*Brief*
Repeat word for word, please, only the lines from the one that includes "MOTOCENTRIC Accessories New" through the final line of the data.

Stored data
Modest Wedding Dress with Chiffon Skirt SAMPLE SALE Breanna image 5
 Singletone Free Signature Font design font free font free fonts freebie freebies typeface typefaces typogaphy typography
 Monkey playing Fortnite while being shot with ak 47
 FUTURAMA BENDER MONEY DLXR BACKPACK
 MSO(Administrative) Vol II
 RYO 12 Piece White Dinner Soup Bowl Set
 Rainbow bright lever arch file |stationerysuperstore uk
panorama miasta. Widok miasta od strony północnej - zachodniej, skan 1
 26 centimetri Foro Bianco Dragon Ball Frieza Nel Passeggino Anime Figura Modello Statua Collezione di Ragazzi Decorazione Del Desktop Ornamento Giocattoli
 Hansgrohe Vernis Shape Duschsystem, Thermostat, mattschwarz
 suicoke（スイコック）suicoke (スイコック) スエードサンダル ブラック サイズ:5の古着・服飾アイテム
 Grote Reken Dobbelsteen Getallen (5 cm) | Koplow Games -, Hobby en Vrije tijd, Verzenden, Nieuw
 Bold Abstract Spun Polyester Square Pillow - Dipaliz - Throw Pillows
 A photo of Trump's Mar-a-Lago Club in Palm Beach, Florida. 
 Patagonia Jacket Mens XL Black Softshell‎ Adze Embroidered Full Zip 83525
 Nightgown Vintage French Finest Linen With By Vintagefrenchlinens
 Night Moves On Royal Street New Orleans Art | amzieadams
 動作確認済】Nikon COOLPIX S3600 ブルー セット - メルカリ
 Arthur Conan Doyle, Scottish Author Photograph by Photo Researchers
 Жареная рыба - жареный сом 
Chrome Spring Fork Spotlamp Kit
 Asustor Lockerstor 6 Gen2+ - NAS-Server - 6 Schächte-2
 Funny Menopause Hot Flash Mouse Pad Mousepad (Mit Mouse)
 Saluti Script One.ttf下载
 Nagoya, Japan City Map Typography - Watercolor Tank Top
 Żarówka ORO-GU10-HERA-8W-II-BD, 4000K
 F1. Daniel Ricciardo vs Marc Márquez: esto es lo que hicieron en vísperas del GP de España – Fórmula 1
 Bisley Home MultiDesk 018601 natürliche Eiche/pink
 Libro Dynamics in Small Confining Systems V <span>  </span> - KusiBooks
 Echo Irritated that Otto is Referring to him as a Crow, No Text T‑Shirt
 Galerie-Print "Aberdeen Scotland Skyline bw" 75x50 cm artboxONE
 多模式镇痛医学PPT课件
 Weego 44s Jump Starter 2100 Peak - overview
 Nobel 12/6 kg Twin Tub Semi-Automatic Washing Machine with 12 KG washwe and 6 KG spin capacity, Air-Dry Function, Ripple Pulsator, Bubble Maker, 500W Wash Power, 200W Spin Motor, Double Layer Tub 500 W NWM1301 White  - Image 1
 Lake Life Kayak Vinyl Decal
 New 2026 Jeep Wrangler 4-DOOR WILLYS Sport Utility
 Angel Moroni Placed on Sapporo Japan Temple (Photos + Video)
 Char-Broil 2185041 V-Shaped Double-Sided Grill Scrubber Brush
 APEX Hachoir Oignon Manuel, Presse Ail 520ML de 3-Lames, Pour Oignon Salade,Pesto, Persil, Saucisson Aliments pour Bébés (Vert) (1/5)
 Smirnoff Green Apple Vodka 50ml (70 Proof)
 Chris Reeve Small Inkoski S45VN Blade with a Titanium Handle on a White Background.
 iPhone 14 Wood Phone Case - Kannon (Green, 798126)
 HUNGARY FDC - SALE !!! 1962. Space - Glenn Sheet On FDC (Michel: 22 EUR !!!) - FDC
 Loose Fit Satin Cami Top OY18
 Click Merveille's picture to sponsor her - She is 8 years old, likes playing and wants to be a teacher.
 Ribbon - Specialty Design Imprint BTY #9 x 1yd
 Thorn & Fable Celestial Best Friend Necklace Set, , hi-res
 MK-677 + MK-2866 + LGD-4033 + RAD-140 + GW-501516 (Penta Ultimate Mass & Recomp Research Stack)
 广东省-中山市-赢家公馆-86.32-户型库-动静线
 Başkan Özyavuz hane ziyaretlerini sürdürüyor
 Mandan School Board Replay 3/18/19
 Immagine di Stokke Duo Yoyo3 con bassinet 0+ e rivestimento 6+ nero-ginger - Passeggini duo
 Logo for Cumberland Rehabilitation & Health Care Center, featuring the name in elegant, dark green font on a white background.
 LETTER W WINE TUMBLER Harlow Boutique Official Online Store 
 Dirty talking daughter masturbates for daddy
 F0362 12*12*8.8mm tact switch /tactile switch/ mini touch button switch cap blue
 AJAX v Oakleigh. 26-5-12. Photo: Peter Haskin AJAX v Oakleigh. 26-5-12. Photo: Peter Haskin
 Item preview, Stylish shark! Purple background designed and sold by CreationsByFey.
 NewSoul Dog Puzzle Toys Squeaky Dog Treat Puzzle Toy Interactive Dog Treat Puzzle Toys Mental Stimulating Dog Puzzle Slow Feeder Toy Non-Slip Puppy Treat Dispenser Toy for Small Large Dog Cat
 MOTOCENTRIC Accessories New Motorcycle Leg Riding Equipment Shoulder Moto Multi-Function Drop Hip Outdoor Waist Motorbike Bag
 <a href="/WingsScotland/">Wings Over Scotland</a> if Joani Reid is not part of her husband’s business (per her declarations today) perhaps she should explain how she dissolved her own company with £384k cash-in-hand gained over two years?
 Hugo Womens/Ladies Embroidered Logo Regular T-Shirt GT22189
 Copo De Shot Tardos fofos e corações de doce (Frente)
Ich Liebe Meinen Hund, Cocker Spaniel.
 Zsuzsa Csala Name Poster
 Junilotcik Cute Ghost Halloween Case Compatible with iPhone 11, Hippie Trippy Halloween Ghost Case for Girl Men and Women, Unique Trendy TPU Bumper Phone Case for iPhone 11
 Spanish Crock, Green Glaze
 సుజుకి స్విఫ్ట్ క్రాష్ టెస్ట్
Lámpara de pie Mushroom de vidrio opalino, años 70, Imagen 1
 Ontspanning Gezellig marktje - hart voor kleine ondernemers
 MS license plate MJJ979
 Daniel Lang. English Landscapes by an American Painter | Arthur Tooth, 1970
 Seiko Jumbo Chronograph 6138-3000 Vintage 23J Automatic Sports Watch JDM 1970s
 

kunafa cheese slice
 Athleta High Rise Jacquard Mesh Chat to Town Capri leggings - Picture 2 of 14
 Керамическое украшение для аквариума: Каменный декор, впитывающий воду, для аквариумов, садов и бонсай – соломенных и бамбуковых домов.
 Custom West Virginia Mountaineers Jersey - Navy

*Exercise output*
 MOTOCENTRIC Accessories New Motorcycle Leg Riding Equipment Shoulder Moto Multi-Function Drop Hip Outdoor Waist Motorbike Bag
 <a href="/WingsScotland/">Wings Over Scotland</a> if Joani Reid is not part of her husband’s business (per her declarations today) perhaps she should explain how she dissolved her own company with £384k cash-in-hand gained over two years?
 Hugo Womens/Ladies Embroidered Logo Regular T-Shirt GT22189
 Copo De Shot Tardos fofos e corações de doce (Frente)
Ich Liebe Meinen Hund, Cocker Spaniel.
 Zsuzsa Csala Name Poster
 Junilotcik Cute Ghost Halloween Case Compatible with iPhone 11, Hippie Trippy Halloween Ghost Case for Girl Men and Women, Unique Trendy TPU Bumper Phone Case for iPhone 11
 Spanish Crock, Green Glaze
 సుజుకి స్విఫ్ట్ క్రాష్ టెస్ట్
Lámpara de pie Mushroom de vidrio opalino, años 70, Imagen 1
 Ontspanning Gezellig marktje - hart voor kleine ondernemers
 MS license plate MJJ979
 Daniel Lang. English Landscapes by an American Painter | Arthur Tooth, 1970
 Seiko Jumbo Chronograph 6138-3000 Vintage 23J Automatic Sports Watch JDM 1970s
 

kunafa cheese slice
 Athleta High Rise Jacquard Mesh Chat to Town Capri leggings - Picture 2 of 14
 Керамическое украшение для аквариума: Каменный декор, впитывающий воду, для аквариумов, садов и бонсай – соломенных и бамбуковых домов.
 Custom West Virginia Mountaineers Jersey - Navy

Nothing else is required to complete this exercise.